**LISTED ENTRIES:**
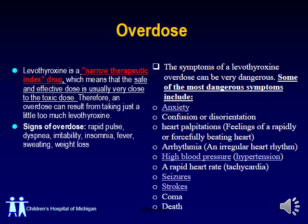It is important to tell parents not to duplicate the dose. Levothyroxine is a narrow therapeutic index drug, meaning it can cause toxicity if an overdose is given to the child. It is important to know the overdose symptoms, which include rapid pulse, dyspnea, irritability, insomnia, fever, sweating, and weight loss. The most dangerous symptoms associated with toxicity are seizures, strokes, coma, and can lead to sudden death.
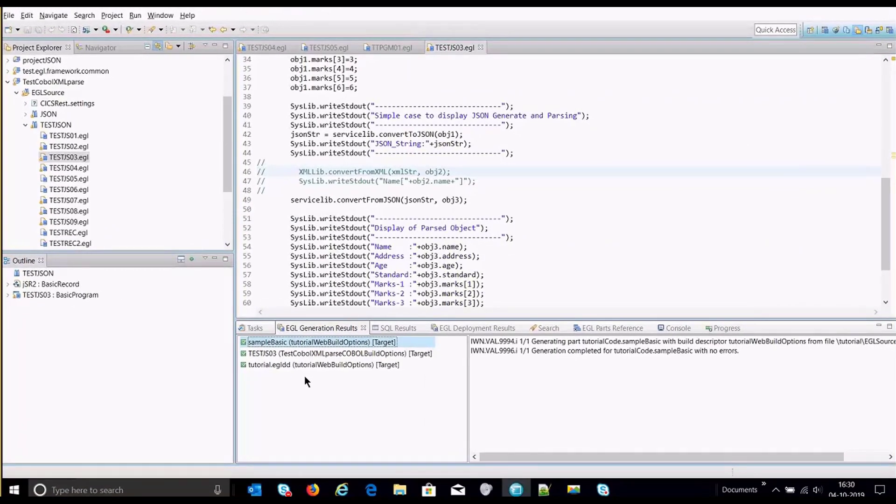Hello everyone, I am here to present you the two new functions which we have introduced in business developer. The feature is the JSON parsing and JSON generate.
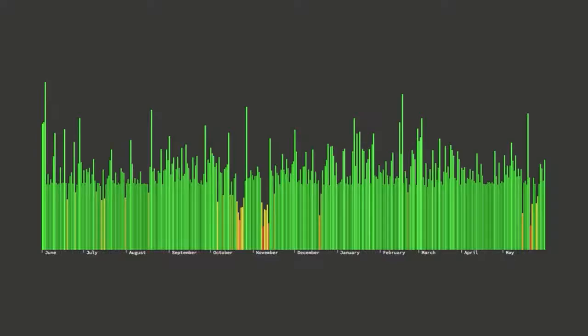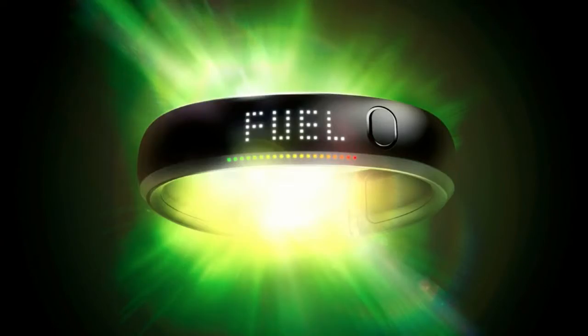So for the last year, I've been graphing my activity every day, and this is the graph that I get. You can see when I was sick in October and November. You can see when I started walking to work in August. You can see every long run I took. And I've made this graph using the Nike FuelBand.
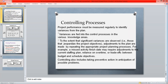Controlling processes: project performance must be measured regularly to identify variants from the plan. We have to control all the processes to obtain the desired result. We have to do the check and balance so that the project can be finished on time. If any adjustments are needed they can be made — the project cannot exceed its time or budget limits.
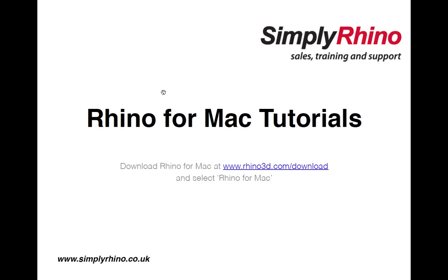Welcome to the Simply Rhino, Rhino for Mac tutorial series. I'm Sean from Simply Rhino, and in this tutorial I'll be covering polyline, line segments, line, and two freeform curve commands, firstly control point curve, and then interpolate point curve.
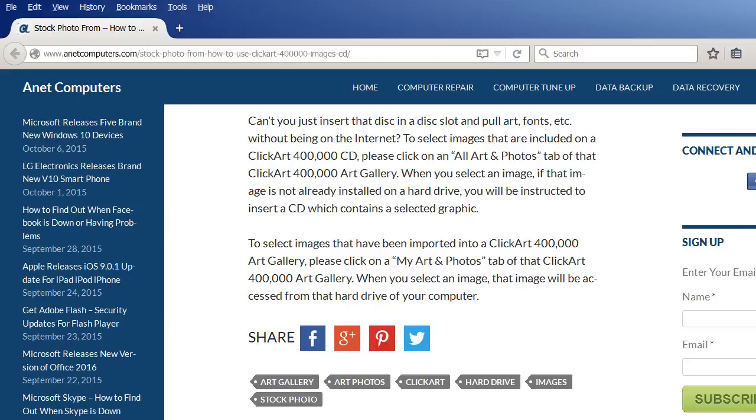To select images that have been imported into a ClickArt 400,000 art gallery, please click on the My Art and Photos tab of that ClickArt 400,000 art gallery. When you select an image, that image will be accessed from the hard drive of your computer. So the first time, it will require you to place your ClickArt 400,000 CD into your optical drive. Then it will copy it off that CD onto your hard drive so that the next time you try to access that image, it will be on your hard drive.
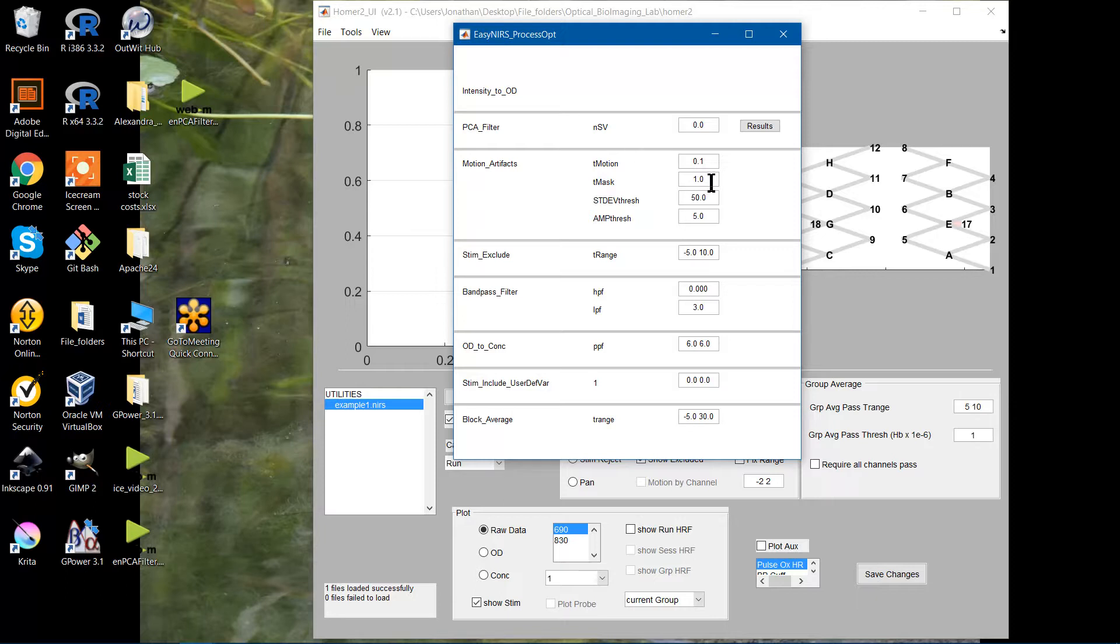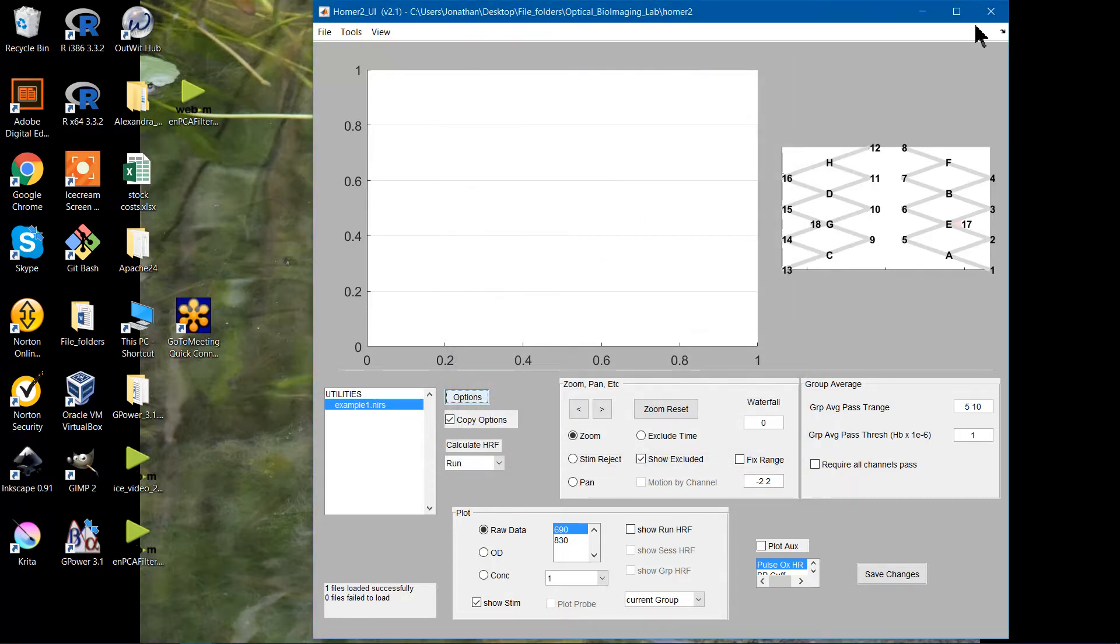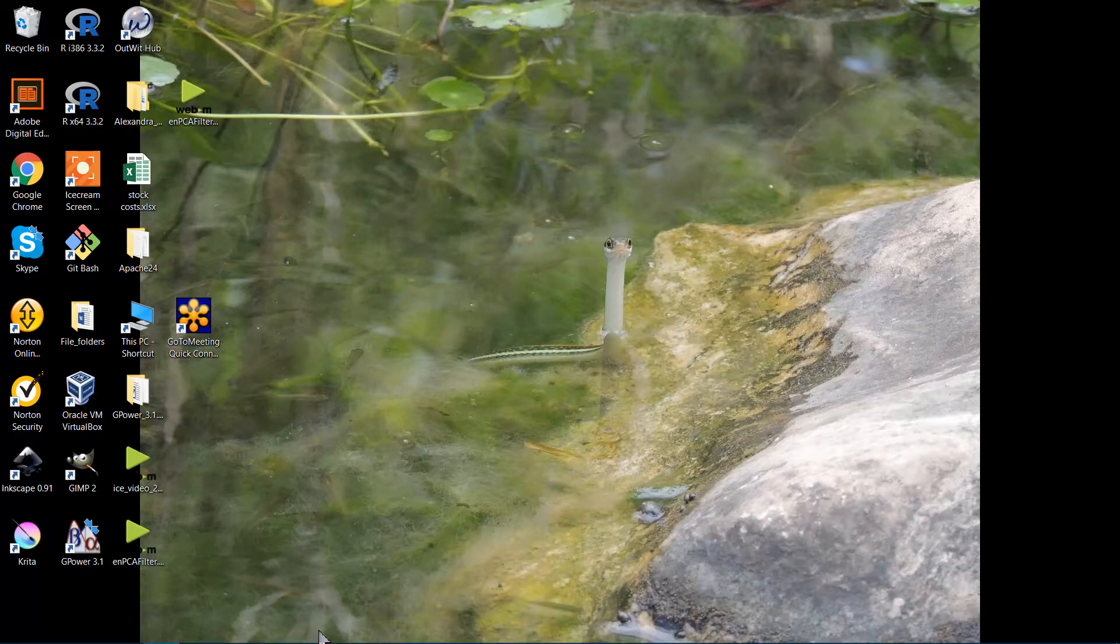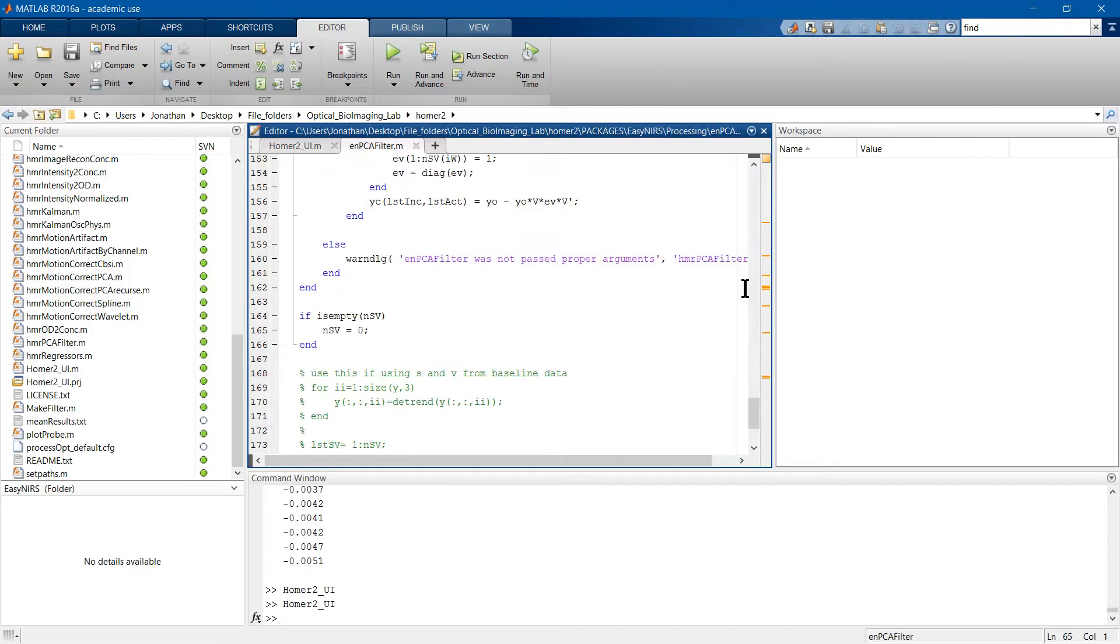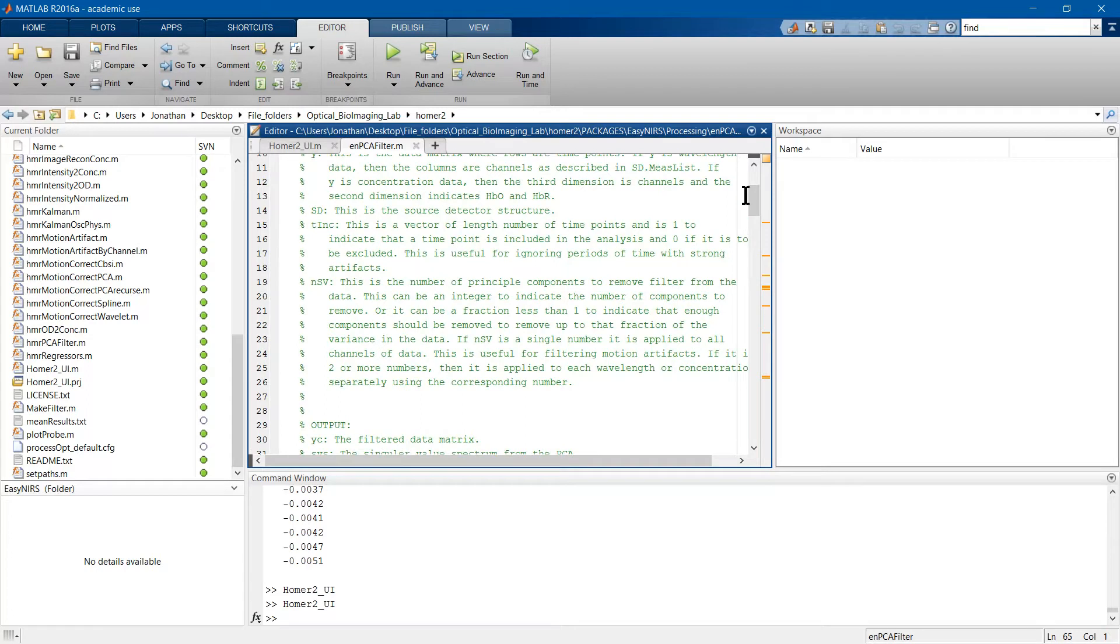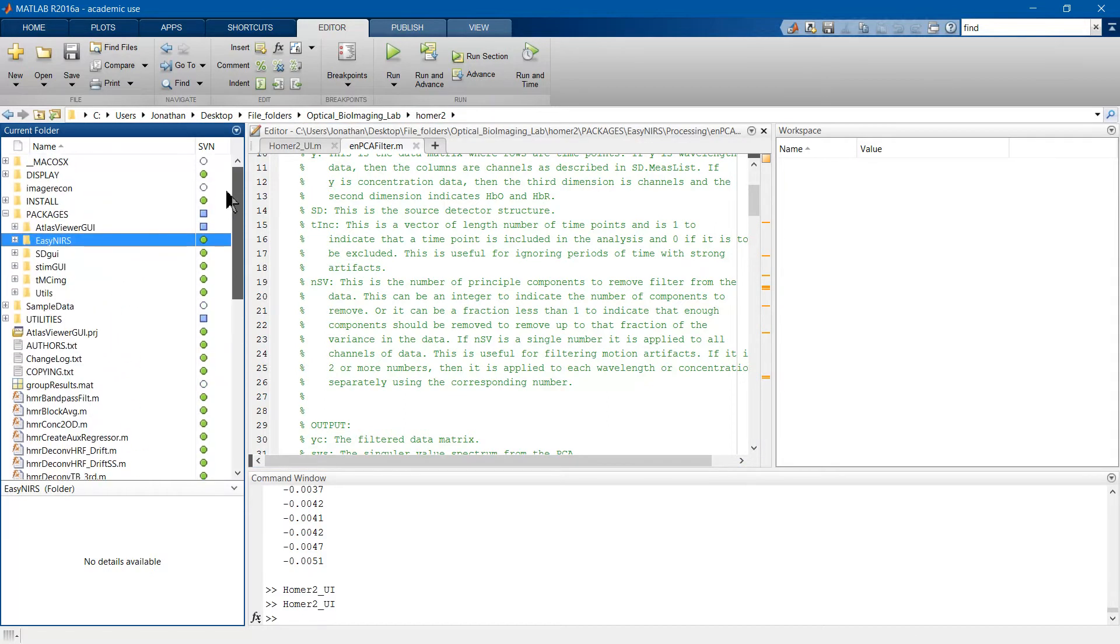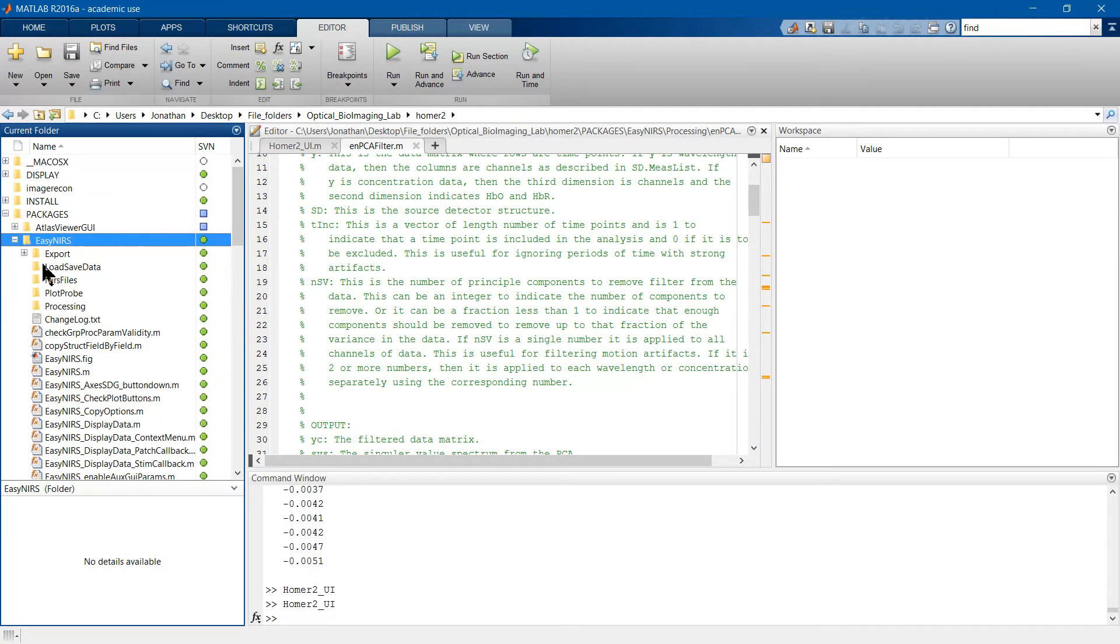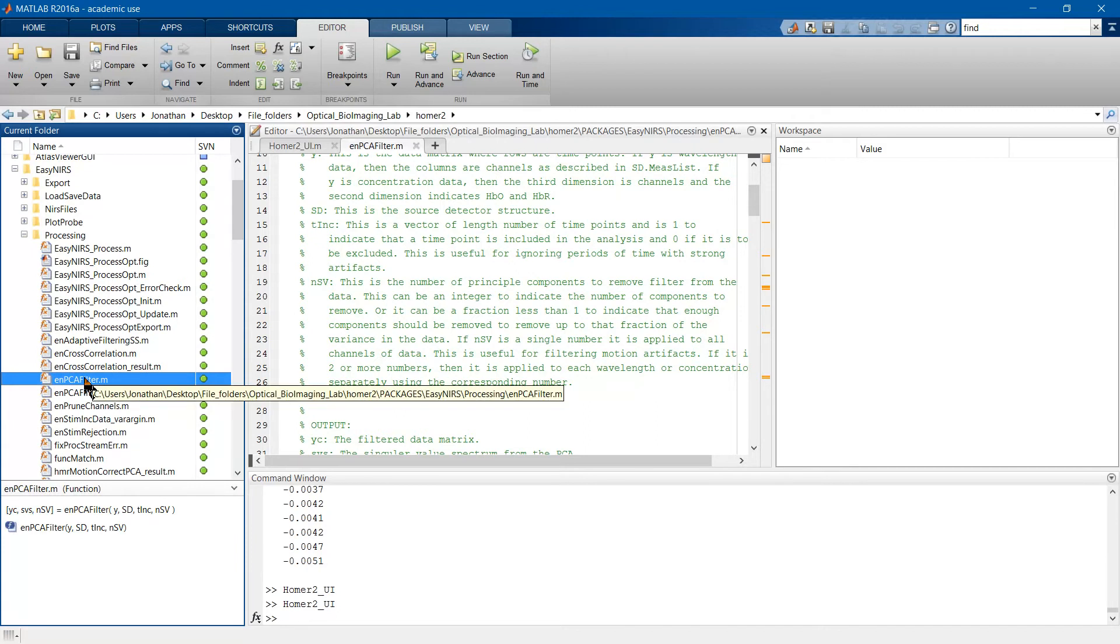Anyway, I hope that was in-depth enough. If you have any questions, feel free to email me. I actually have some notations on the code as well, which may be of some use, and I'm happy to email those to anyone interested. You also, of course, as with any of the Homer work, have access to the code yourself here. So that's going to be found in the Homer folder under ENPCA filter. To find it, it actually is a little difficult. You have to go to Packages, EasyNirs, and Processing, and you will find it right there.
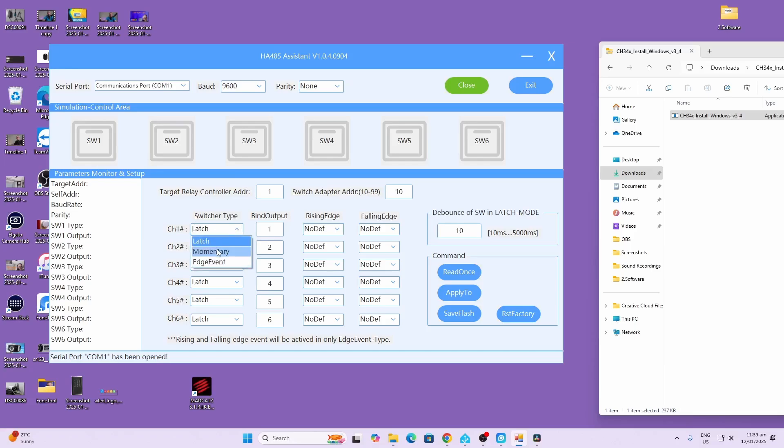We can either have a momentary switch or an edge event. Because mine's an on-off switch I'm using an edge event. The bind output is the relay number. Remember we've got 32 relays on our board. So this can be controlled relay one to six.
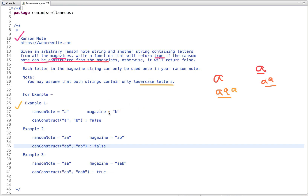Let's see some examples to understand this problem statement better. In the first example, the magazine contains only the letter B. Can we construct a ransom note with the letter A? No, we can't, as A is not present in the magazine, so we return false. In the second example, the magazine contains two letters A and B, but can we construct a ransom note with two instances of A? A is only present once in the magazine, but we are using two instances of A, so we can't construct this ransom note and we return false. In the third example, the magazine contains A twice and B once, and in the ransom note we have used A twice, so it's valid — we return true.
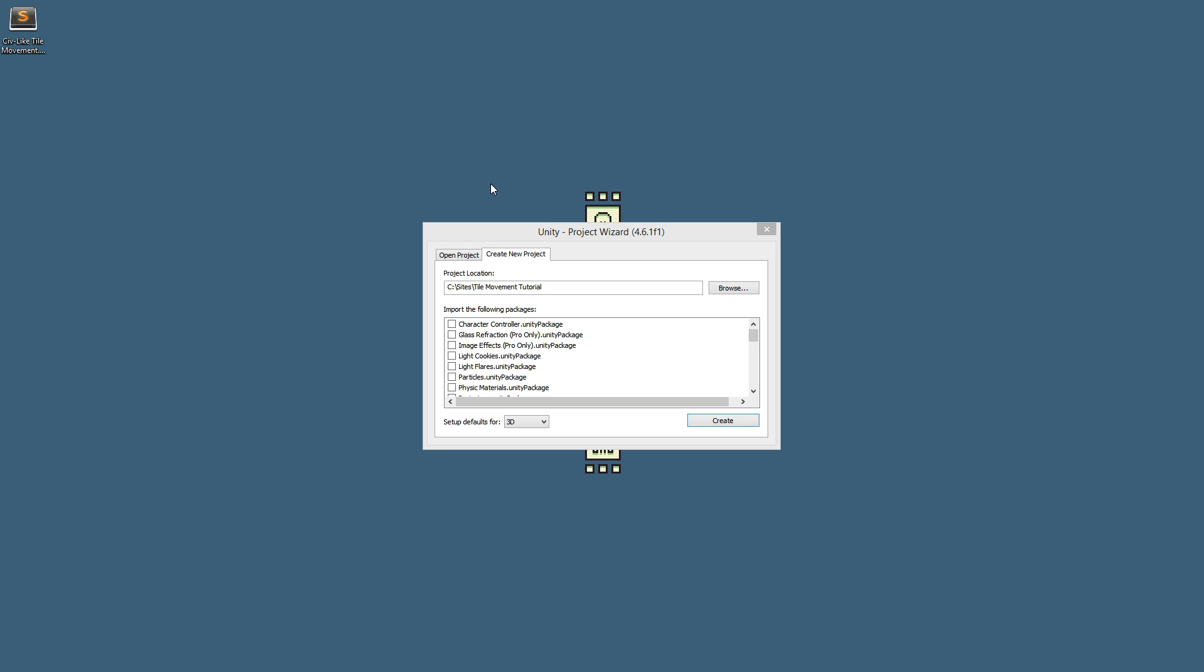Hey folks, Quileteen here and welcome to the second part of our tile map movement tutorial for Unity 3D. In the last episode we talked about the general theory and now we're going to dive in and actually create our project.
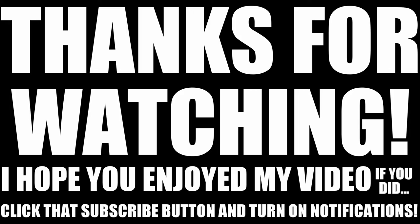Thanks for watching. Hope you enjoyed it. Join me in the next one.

**WORK REQUEST:** In the answer, all of the material should appear exactly as given, with no picture carried over.

**RESULT FOR THIS EXERCISE:**
It is important to tell parents not to duplicate the dose. Levothyroxine is a narrow therapeutic index drug, meaning it can cause toxicity if an overdose is given to the child. It is important to know the overdose symptoms, which include rapid pulse, dyspnea, irritability, insomnia, fever, sweating, and weight loss. The most dangerous symptoms associated with toxicity are seizures, strokes, coma, and can lead to sudden death.
Hello everyone, I am here to present you the two new functions which we have introduced in business developer. The feature is the JSON parsing and JSON generate.
So for the last year, I've been graphing my activity every day, and this is the graph that I get. You can see when I was sick in October and November. You can see when I started walking to work in August. You can see every long run I took. And I've made this graph using the Nike FuelBand.
Controlling processes: project performance must be measured regularly to identify variants from the plan. We have to control all the processes to obtain the desired result. We have to do the check and balance so that the project can be finished on time. If any adjustments are needed they can be made — the project cannot exceed its time or budget limits.
Welcome to the Simply Rhino, Rhino for Mac tutorial series. I'm Sean from Simply Rhino, and in this tutorial I'll be covering polyline, line segments, line, and two freeform curve commands, firstly control point curve, and then interpolate point curve.
To select images that have been imported into a ClickArt 400,000 art gallery, please click on the My Art and Photos tab of that ClickArt 400,000 art gallery. When you select an image, that image will be accessed from the hard drive of your computer. So the first time, it will require you to place your ClickArt 400,000 CD into your optical drive. Then it will copy it off that CD onto your hard drive so that the next time you try to access that image, it will be on your hard drive.
Anyway, I hope that was in-depth enough. If you have any questions, feel free to email me. I actually have some notations on the code as well, which may be of some use, and I'm happy to email those to anyone interested. You also, of course, as with any of the Homer work, have access to the code yourself here. So that's going to be found in the Homer folder under ENPCA filter. To find it, it actually is a little difficult. You have to go to Packages, EasyNirs, and Processing, and you will find it right there.
We can either have a momentary switch or an edge event. Because mine's an on-off switch I'm using an edge event. The bind output is the relay number. Remember we've got 32 relays on our board. So this can be controlled relay one to six.
Let's see some examples to understand this problem statement better. In the first example, the magazine contains only the letter B. Can we construct a ransom note with the letter A? No, we can't, as A is not present in the magazine, so we return false. In the second example, the magazine contains two letters A and B, but can we construct a ransom note with two instances of A? A is only present once in the magazine, but we are using two instances of A, so we can't construct this ransom note and we return false. In the third example, the magazine contains A twice and B once, and in the ransom note we have used A twice, so it's valid — we return true.
Hey folks, Quileteen here and welcome to the second part of our tile map movement tutorial for Unity 3D. In the last episode we talked about the general theory and now we're going to dive in and actually create our project.
Thanks for watching. Hope you enjoyed it. Join me in the next one.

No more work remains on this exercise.